I was asked to write my comments in reference to awards and how such awards are decided on in the first place. I do not profess to be an expert or have all the answers, but like so many others, having swam against the current of an industry that has so much to offer and is forever held back, mismanaged or misunderstood, I do feel the inclination to point out how comfortably numb we are as the glory days of more feature production houses and bigger pay packets struggle to continue. When the feature animation boom occurred not so long ago, I was among the many who were promised a change along with it. I remember a lot of executive dialogue to the tune of, `We don't want to be just another Disney.' I remember many top executives claiming they wanted to make more adult oriented material, or teen to adult.

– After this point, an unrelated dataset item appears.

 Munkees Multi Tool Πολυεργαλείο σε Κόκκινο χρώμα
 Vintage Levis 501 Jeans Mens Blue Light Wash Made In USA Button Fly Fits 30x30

I remember three very big people in the film industry starting up their own major studio and claiming they were going to place the art of filmmaking back in the hands of directors. Well, in truth no one really owes anybody anything, but I found most of what I was told was a means to get one under control as opposed to being in a position of control. Prominent awards and festivals can be extremely helpful to the industry of animation, not as a support system of a money, power hungry mentality, but more as a voice for everything that's usually hidden underneath.
Mike Smith has been in the animation business for twenty years, working on shorts, music videos and features.